• DESCRIPTION OF THE TASK
With pictures removed, print the listing exactly.

• RAW DATA
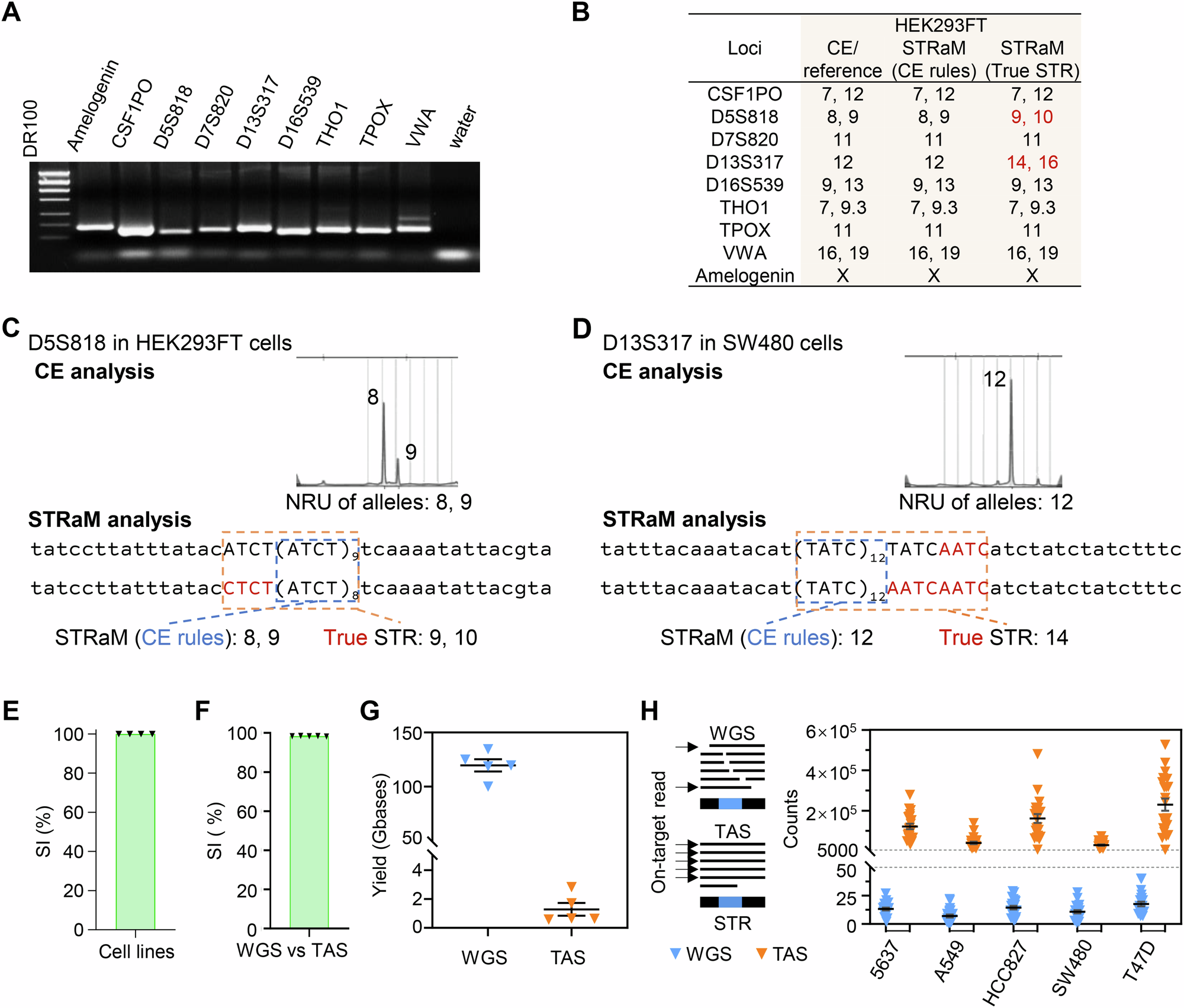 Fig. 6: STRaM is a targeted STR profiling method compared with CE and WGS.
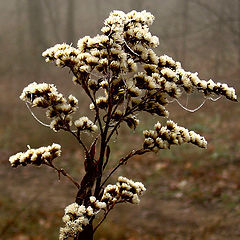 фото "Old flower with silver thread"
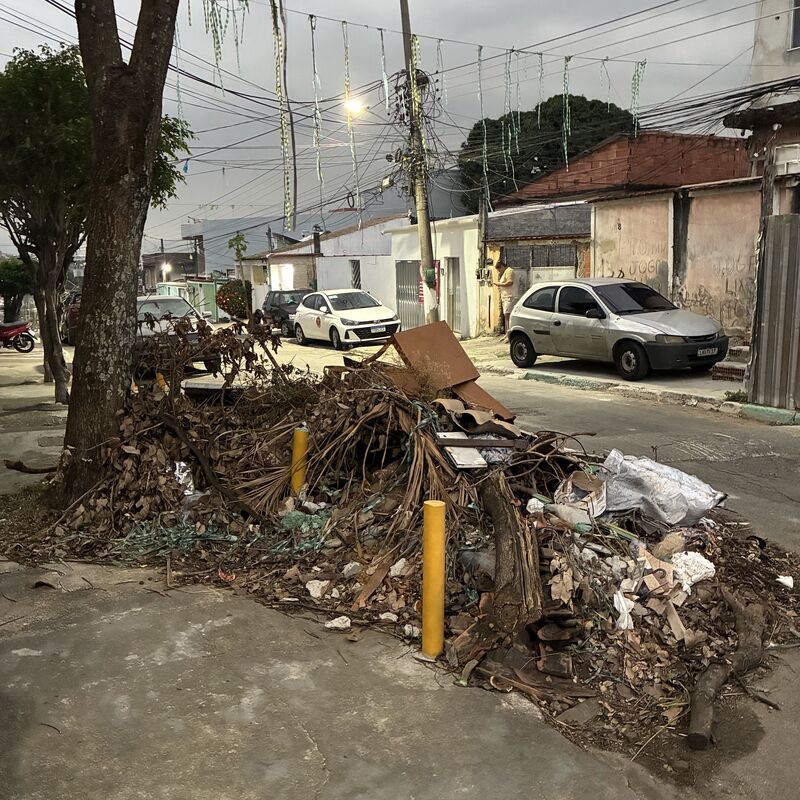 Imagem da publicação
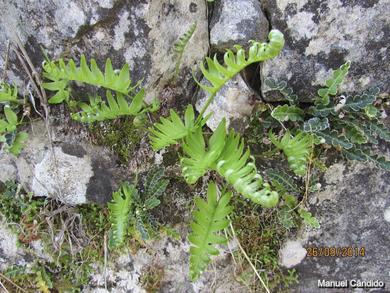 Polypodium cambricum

• EXERCISE SOLUTION
 Fig. 6: STRaM is a targeted STR profiling method compared with CE and WGS.
 фото "Old flower with silver thread"
 Imagem da publicação
 Polypodium cambricum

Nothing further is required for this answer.